Post
Topic
Board Development & Technical Discussion
Merits 3 from 3 users
Re: Collection of 18.509 found and used Brainwallets
by
almightyruler
on 07/02/2019, 03:06:14 UTC
⭐ Merited by o_e_l_e_o (1) ,vapourminer (1) ,HeRetiK (1)
I think your size calcs may be off a bit, too. I pre-calculated the RMD160 values for all ASCII 1 to 5 character words, and the output is about 0.9TB in size. To increase to 6 characters would result in a file size about 95 times that (about 80TB) and to go up to 7 characters would result in an output of over 7000TB. And consider the amount of time needed to check 135 trillion entries.

How long did it take you to generate a rainbow table of this size? I'm just curious about the timescale (so hardware specs for reference would also be nice).

It took something like 3 weeks, on a leased 4 core Xeon server. Sorting and removing duplicates from 1TB+ of raw data presented some challenges.

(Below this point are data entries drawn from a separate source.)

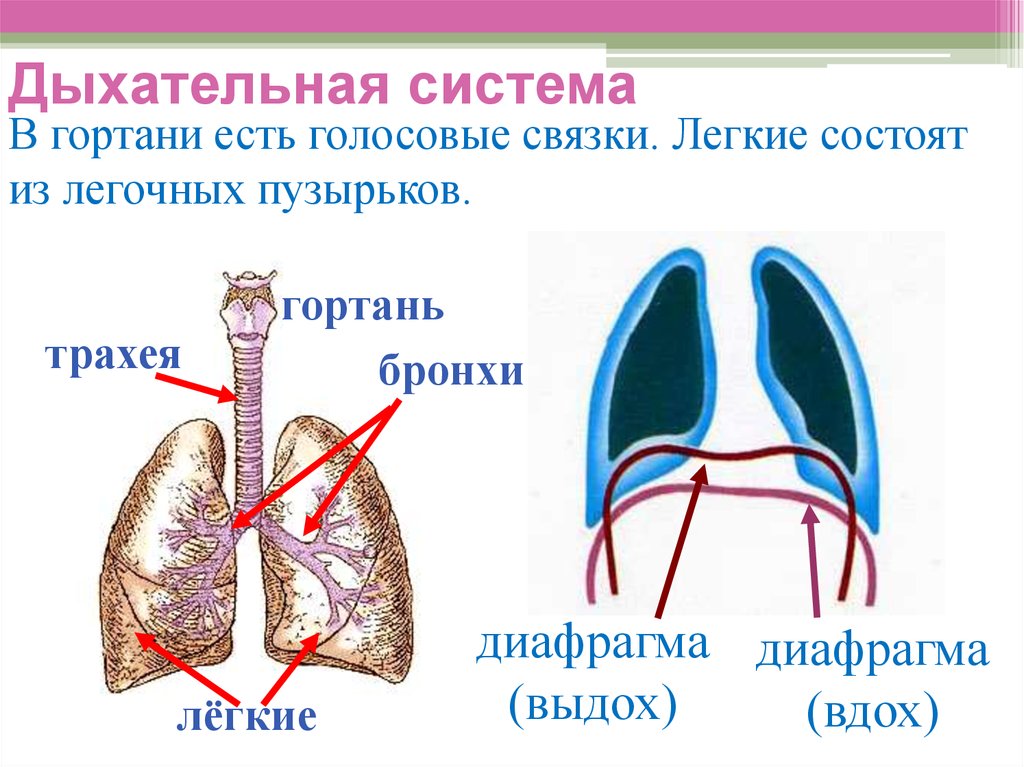 Легкие млекопитающих рисунок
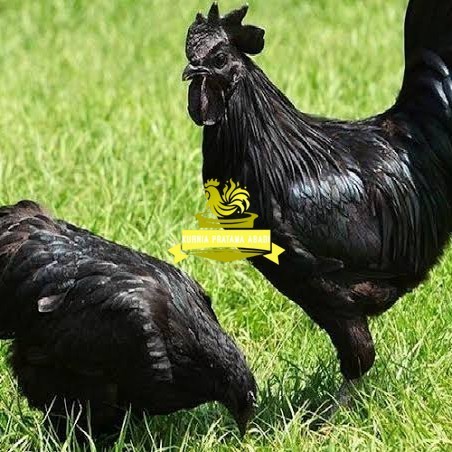 

Telur ayam hias cemani lidah hitam fertil asli siap ditetaskan - ayam cemani KURNIA PRATAMA ABADI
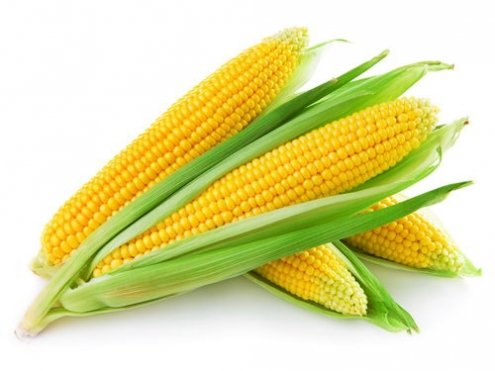 Китайское правительство начинает продавать запасы кукурузы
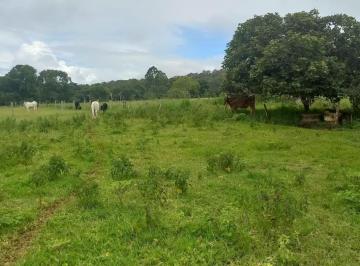 202607101209073341.jpg · Chácara para Venda em Brasília, Setor de Hotéis e Diversões (Planaltina), 3 dormitórios, 1 suíte, 3 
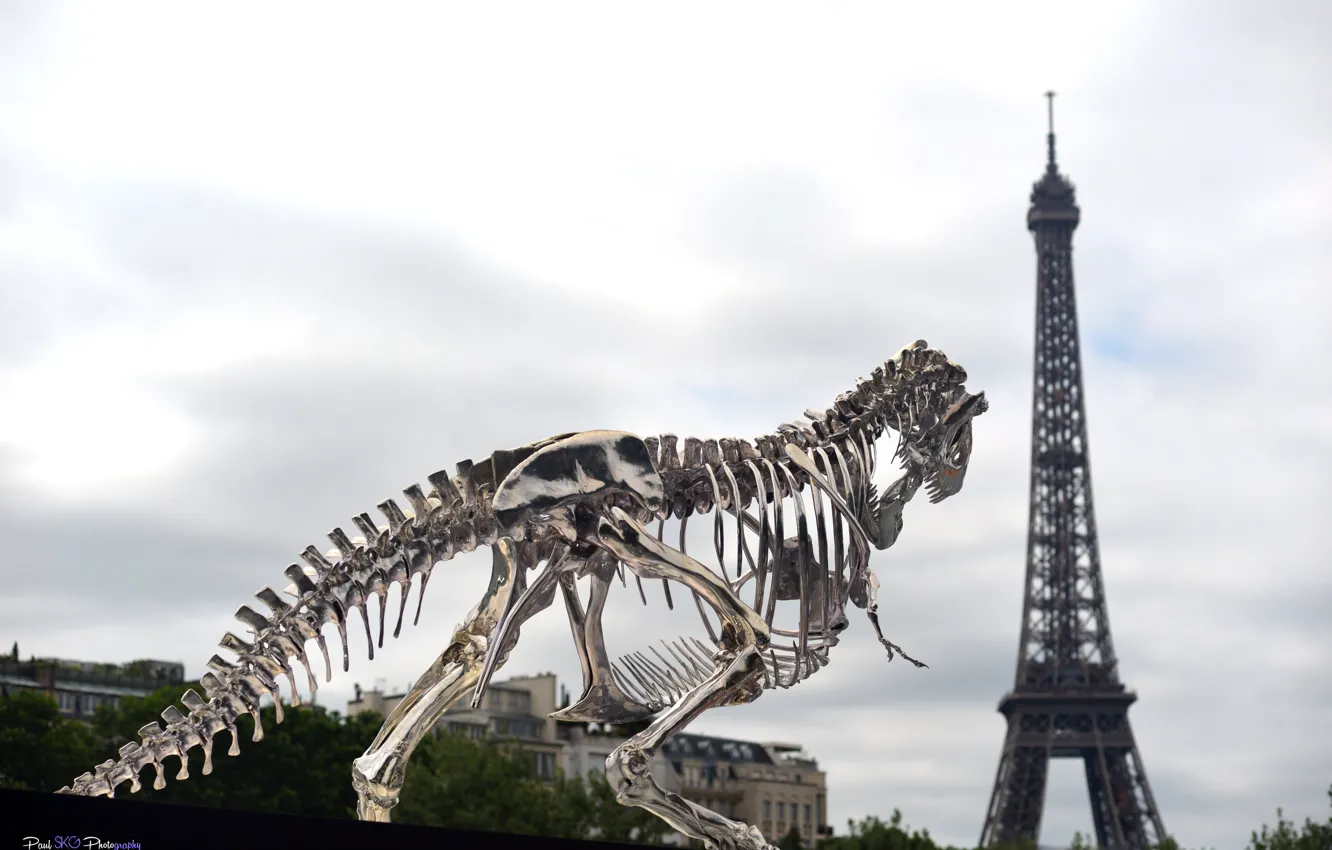 Photo wallpaper Paris, France, tour, toranosaurus, Eiffel, Dinosaurus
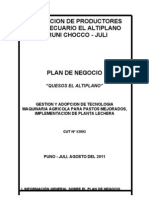 Plan de Negocio Jaruni Correjido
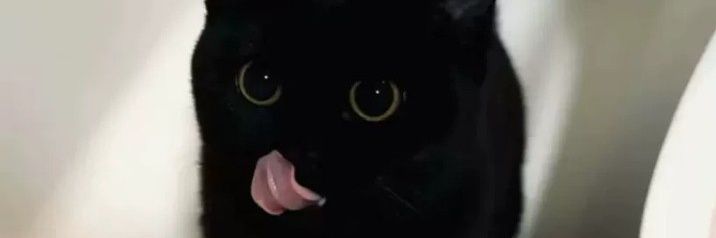 Qpwwein's profile banner image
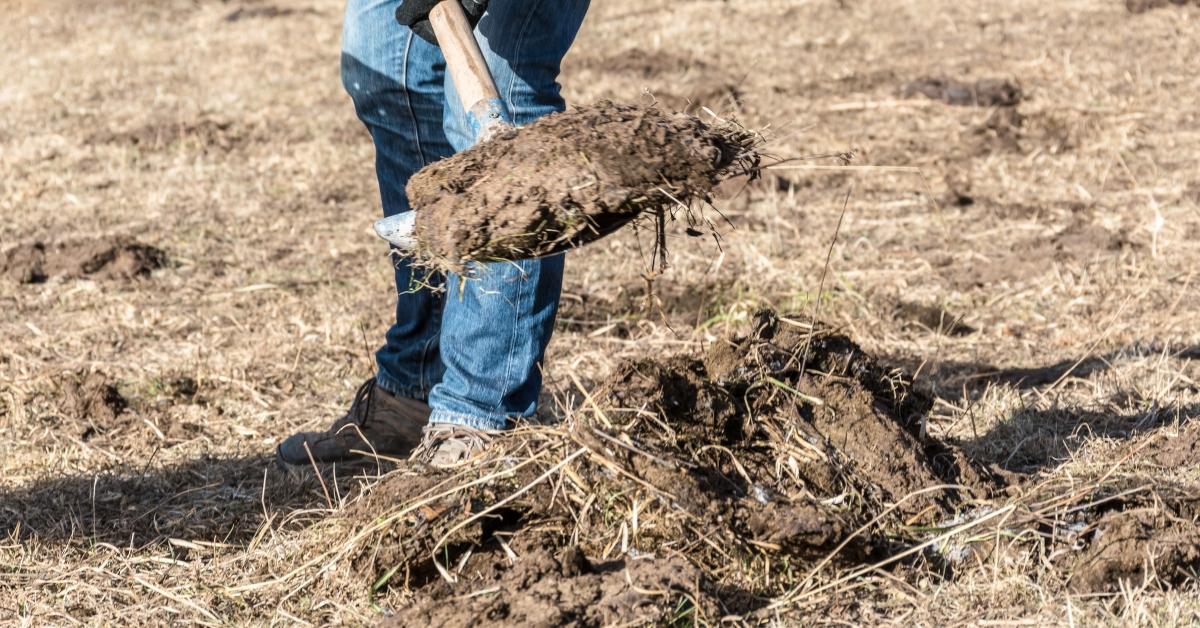 Shoveling manure.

Note that this table is not indexed in any way, it's just a text file with hashes. I use a custom filter program to check which of those precomputed hashes appear in a given blockchain. To go further and build a database that can watch for known addresses in real time would be quite a bit more complex, and would need a lot more than 0.9TB of disk space.

That's one of the interesting things about SHA256 brainwallets (so long as you're doing this for fun) : it can be easy to find them, but it's also very, very hard. Smiley

Stealing brainwallets is probably still profitable though, as I assume that the running costs are close to nil once you've set up the infrastructure.

I disagree, which is why I qualified my above statement with "so long as you're doing this for fun". Imagine how many things have to go right when someone sends funds to a weak SHA256 brainwallet:

- The thief needs a fast connection with multiple peers so that his bot (hopefully) sees the funding transaction first.
- The thief needs a fast database server that is able to check the outputs of each new transaction, and if any addresses are known, return a private key (or keys), within a very short period of time.
- The thief needs to decide how much of a fee to pay for the sweep transaction, bearing in mind that someone else's bot may choose a higher fee to override the transaction. (This could end up being a race to the bottom.)
- The thief then needs his sweep transaction to be the one that propagates out to the majority of nodes (and more specifically, mining nodes) first.

I've probably missed other factors. This is not the sort of thing you can run on a $5/mo VPS. I don't think it would be worth it, but as I've stated in this thread earlier, maybe it's an ego thing.